Select fictional prose:

The iron jacket

By Georgina Berbari

 

Sometimes when I go home, I forget to put on my iron jacket. Those are the times I think I might die. I’m serious. 

I was born with a hole in my chest. There was no way for the doctors to stitch it up completely so now I have these little man-made craters on my chest. My mother tells me that I look like the moon. 

You have to look really closely, but when you do you’re able to see tiny pockets where the air eagerly rushes in to caress my heart. Think of those microscopic holes in a window’s screen or a crack in a plastic cup that you don’t notice until water begins dribbling down your chin, neck, between your breasts. These superficial wounds many times go unnoticed. Well, that’s what happened to me, at least. 

Before I was given my iron jacket, everything penetrated me with ease. I could feel dust motes tickling my raw heart and when I bathed, sometimes it felt like my organs were drowning.

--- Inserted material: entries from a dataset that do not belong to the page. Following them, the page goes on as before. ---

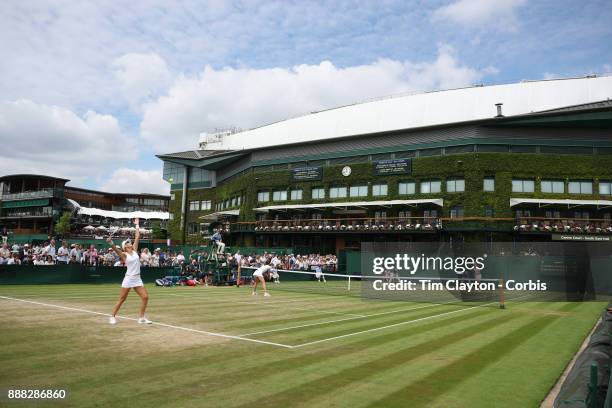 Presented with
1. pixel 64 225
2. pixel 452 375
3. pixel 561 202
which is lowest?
pixel 452 375

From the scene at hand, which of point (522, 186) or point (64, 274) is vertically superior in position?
point (522, 186)

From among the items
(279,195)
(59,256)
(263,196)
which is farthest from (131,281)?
(263,196)

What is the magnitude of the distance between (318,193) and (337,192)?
283 cm

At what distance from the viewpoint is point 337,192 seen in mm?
60875

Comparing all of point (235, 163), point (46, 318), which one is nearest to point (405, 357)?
point (46, 318)

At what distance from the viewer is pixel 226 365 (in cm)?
805

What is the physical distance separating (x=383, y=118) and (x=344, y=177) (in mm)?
13649

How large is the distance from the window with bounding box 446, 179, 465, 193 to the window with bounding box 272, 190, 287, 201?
22.5 metres

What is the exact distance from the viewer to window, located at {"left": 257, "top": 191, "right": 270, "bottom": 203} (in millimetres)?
66250

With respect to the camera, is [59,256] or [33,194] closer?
[59,256]

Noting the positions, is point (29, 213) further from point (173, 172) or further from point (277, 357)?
point (277, 357)

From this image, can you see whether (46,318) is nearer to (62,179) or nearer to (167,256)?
(167,256)

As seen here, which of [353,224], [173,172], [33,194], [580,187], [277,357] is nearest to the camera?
[277,357]

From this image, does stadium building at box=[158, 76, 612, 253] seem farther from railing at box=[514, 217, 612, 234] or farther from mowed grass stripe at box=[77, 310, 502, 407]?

There was even a moment in the summertime when a mosquito nuzzled itself into my body and bit my exposed heart. The pain was so intense that I thought I was going to die, but I didn’t. 

I remember sobbing for a week straight when the first boy I loved broke my heart. On the last day my body was a desert, my heart angry and inflamed. I remember vowing to myself that I would never feel that way again, that I would protect my heart so fiercely that nothing could ever touch it. And then that was it—that was my life’s work.